It can be helpful to acknowledge the positive aspects of your friendship and the good times you have together so that your friend doesn’t believe you’re implying that the relationship is all bad; bringing up the things you like about your friendship can also serve as motivation to resolve the problem you’re discussing by reminding you both why the relationship is worth saving.
Another critical guideline for having a conversation about a problem in a friendship is to avoid making any accusatory statements, such as, “You always do all of the talking,” or, “You never listen to me.”
Not only are “always” and “never” no-no’s when it comes to conflict resolution, like we mentioned before, you’re also playing a dangerous game when you begin listing off all the things your friend does or doesn’t do.
Not only will this make them defensive, it will give them a reason to begin firing back with a list of things they think you do and don’t do, and this paves the way for a full-blown argument. An argument is not the goal of this conversation.
Using “I” statements (“I feel” and “I think”) helps you to make statements only about how you are feeling and what you are thinking instead of being accusatory toward your friend or making assumptions about what they are thinking and feeling– which will likely make them defensive and upset.
Instead of saying “You do this,” and “You do that,” say instead, “I feel ____________ when __________ happens.” This makes the same point in a less aggressive manner and without requiring you to call your friend out directly.
Having a conversation with your friend about the “listener trap” is one simple way to improve both the quality of your conversations and your friendship as a whole.
What if I can’t break out of “the listener trap”?
Again, one-sided relationships are not true friendships, and spending a lot of time with someone who is not a good friend to you isn’t healthy.
Unfortunately, some people are more of a lost cause, as you can’t change someone who isn’t willing to change. In these cases, we recommend starting to spend less time with that person and focus on other potential friends. Why build a relationship with someone if they don’t give anything back?
There’s always a chance that when the person starts to realize you’re becoming more distant, they will ask you if something is wrong. This will give you another opportunity to let them know how serious of a problem their unwillingness to share the conversation really is, and hopefully this will motivate them to make a change.

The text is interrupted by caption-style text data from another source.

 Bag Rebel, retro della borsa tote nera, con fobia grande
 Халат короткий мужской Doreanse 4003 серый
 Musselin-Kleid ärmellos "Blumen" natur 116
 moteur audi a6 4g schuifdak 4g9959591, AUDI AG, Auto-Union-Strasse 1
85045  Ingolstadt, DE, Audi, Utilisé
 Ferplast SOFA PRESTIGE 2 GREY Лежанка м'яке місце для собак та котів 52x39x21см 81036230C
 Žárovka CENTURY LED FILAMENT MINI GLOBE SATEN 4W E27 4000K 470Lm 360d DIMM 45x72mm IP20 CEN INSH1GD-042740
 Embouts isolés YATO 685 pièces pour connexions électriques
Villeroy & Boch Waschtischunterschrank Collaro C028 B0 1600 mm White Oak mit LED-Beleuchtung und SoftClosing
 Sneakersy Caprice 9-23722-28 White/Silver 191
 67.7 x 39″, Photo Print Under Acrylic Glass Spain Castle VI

To be clear, we aren’t recommending that you play “hard to get” with your friend. Simply do what you feel is best, and realize that distancing yourself from the friendship doesn’t necessarily mean it’s a permanent break.

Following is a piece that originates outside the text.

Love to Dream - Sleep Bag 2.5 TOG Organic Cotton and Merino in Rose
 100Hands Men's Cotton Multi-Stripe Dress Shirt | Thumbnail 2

Some ways to distance yourself include:
- Gradually stop taking phone calls/responding to messages from that person
- Say “no” to invitations to hang out
- Begin spending the time that would’ve been spent with that person with other friends instead
- Don’t put yourself in situations where you are likely to encounter that person
Sometimes it can be easier and more convenient for everyone involved to simply tell the person that you don’t want to spend as much (or any) time with them anymore. I know from personal experience that this is a difficult and uncomfortable thing to do, but sometimes it is necessary to cut unhealthy relationships from your life. Your conversation may sound something like this:
“Ashley, I really care about you as a person, but this friendship isn’t healthy for me and I need to spend more time with my other friends instead.”
If you want to go into more detail, you can say:
“We had a conversation before about how it’s difficult for me to participate in our conversations, and that problem hasn’t improved since we last discussed it. Our friendship feels very one-sided and continuing to stay in a friendship like that is doing me more harm than good.”
There is no need to be rude or disrespectful, but it’s also unnecessary to mince words or try and sugar-coat the issue.
“I am afraid that if I start talking about myself, these friends would find me whiny and stop being friends with me.”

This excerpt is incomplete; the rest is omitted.